⟨

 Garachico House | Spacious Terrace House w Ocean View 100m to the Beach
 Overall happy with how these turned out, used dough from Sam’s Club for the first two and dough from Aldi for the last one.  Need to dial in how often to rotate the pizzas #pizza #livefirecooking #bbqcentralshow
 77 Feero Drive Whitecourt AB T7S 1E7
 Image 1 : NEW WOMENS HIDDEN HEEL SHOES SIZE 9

⟩
⟨

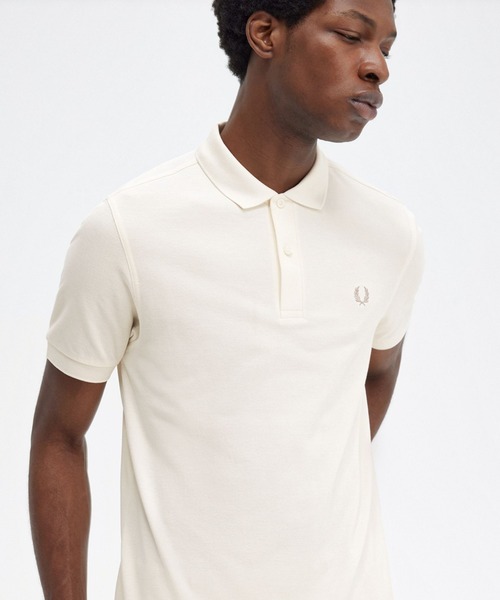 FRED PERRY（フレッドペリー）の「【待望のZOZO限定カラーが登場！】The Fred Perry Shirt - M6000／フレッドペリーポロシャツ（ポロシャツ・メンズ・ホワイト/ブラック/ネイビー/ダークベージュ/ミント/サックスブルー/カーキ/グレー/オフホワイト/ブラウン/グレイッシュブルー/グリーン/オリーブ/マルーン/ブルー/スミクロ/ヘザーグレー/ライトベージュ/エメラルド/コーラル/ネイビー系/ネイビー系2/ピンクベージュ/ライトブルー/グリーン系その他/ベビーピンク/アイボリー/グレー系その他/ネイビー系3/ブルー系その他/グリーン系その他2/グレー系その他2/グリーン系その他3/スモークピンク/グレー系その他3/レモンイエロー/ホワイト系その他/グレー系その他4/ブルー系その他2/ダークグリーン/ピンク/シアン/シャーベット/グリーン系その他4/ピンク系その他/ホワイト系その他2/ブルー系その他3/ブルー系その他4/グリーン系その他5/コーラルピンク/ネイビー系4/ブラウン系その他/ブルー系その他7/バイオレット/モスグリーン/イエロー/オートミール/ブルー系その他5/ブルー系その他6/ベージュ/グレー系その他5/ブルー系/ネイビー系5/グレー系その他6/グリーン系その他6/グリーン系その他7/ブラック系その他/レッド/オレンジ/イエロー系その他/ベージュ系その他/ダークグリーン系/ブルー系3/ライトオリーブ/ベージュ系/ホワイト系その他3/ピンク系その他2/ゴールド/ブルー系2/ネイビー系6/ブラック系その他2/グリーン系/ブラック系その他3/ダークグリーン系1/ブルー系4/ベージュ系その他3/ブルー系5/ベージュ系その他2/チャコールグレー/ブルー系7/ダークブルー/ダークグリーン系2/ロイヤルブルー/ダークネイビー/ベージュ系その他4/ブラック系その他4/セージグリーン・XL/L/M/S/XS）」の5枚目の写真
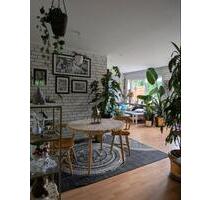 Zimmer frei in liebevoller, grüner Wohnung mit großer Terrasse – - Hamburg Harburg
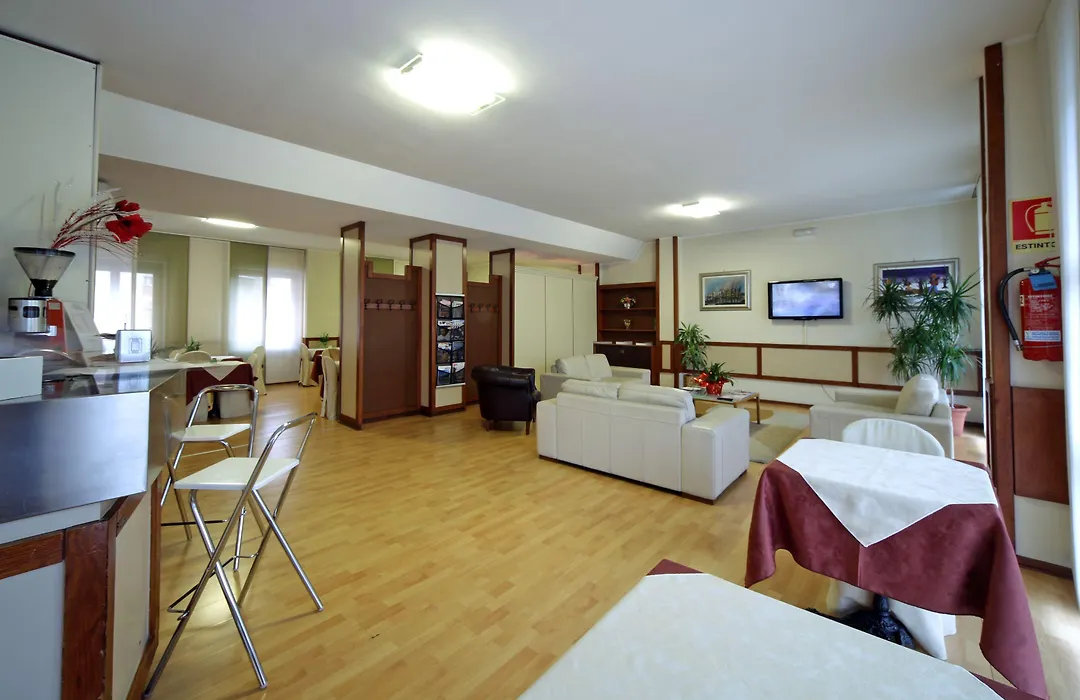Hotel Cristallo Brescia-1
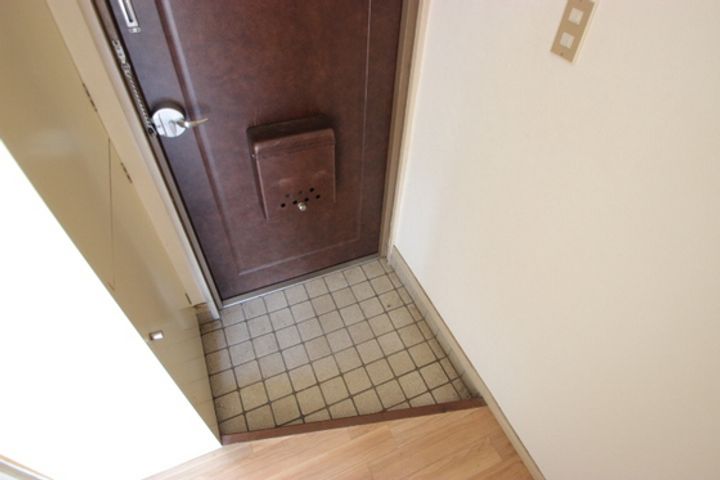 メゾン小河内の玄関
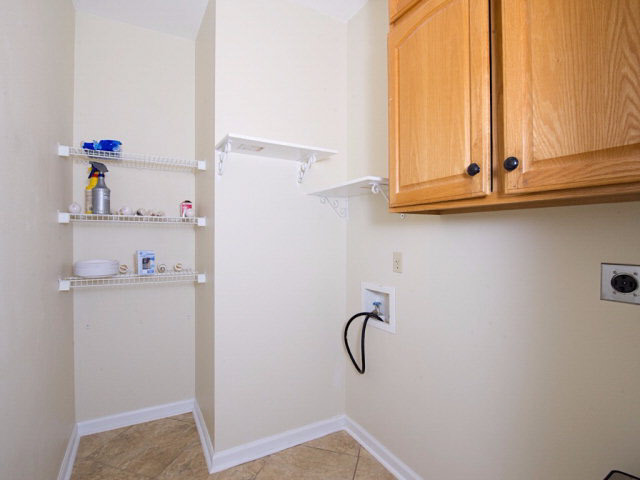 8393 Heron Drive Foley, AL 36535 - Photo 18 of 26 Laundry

⟩
⟨

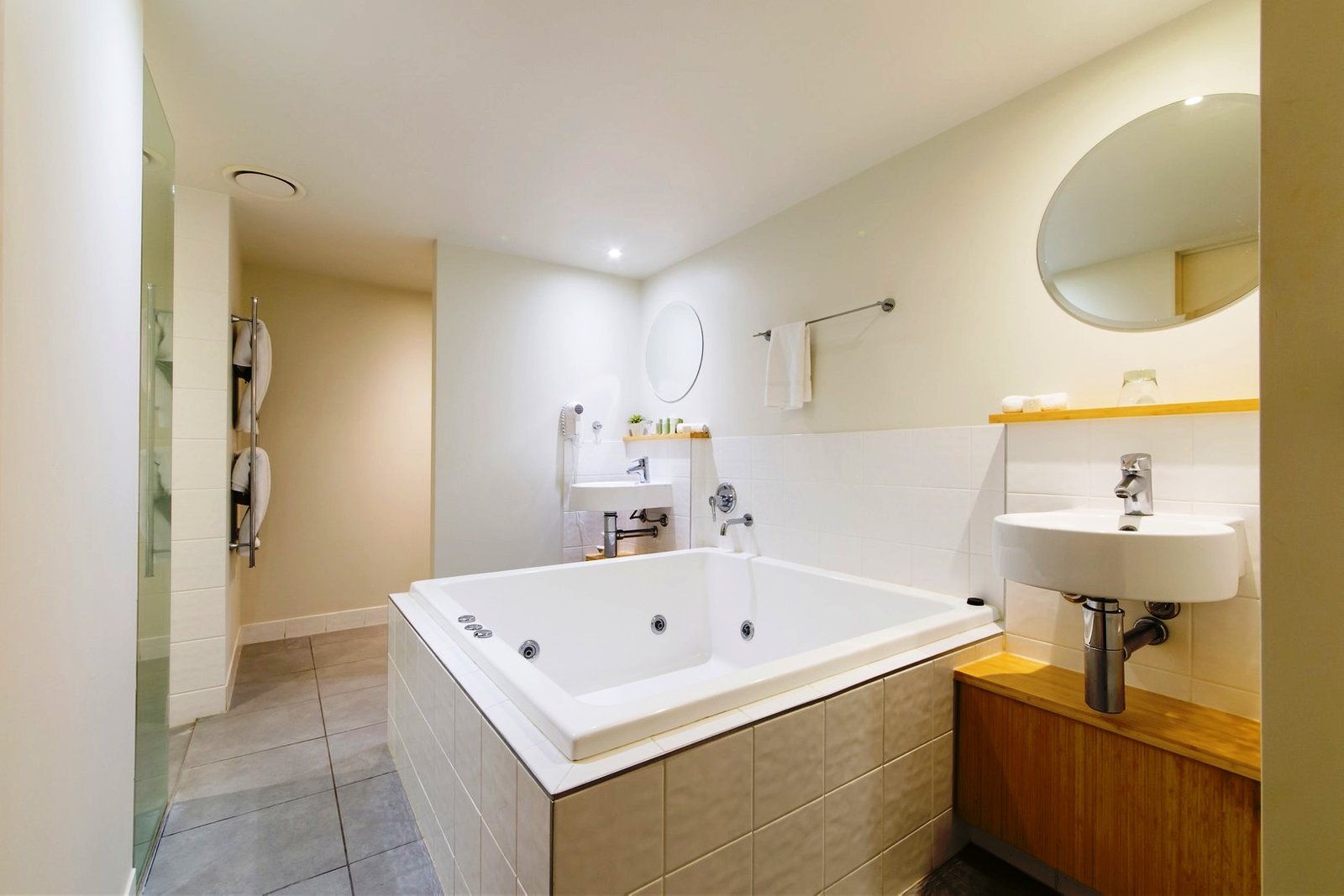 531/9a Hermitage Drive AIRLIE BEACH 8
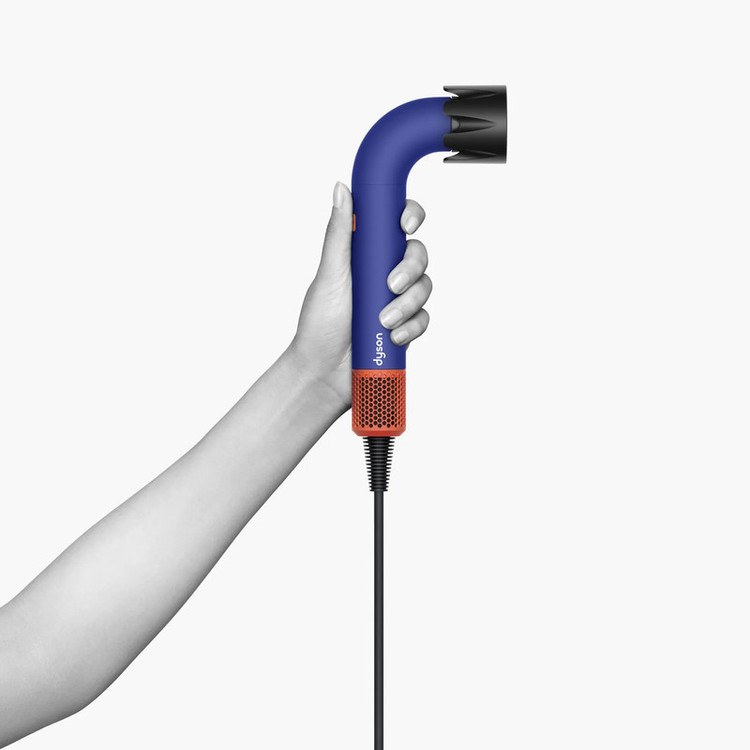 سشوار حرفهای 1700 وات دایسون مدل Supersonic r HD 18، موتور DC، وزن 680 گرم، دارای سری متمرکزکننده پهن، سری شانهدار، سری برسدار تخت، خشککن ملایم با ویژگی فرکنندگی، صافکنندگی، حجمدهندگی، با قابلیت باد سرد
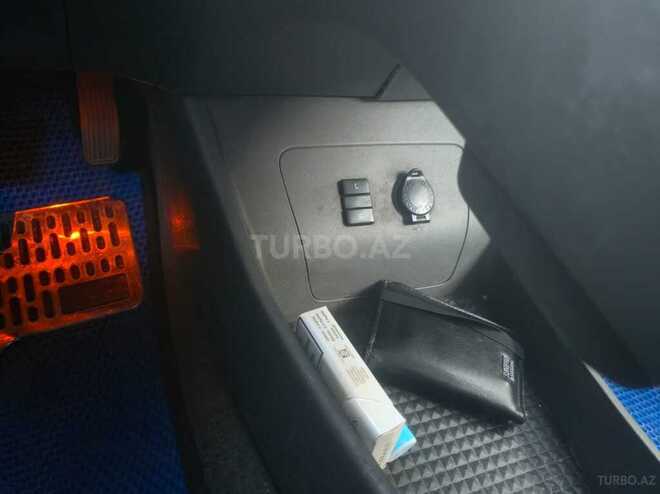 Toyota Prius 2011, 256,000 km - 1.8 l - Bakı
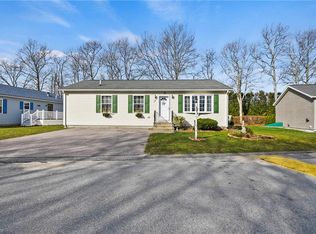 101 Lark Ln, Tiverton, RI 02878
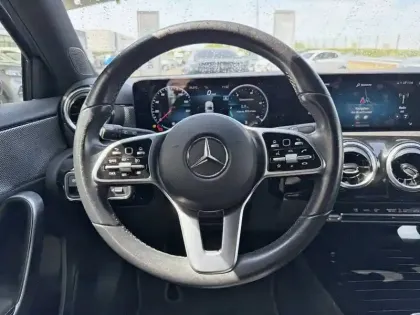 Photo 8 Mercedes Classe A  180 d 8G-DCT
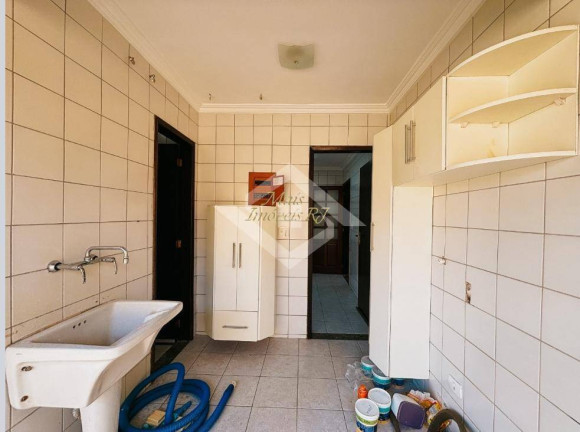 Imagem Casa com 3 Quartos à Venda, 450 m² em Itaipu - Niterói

⟩

Give again, exactly as written above, every line from the one holding "101 Lark Ln, Tiverton, RI 02878" to the one holding "Imagem Casa com", with both ends kept and the pictures left out.

 101 Lark Ln, Tiverton, RI 02878
 Photo 8 Mercedes Classe A  180 d 8G-DCT
 Imagem Casa com 3 Quartos à Venda, 450 m² em Itaipu - Niterói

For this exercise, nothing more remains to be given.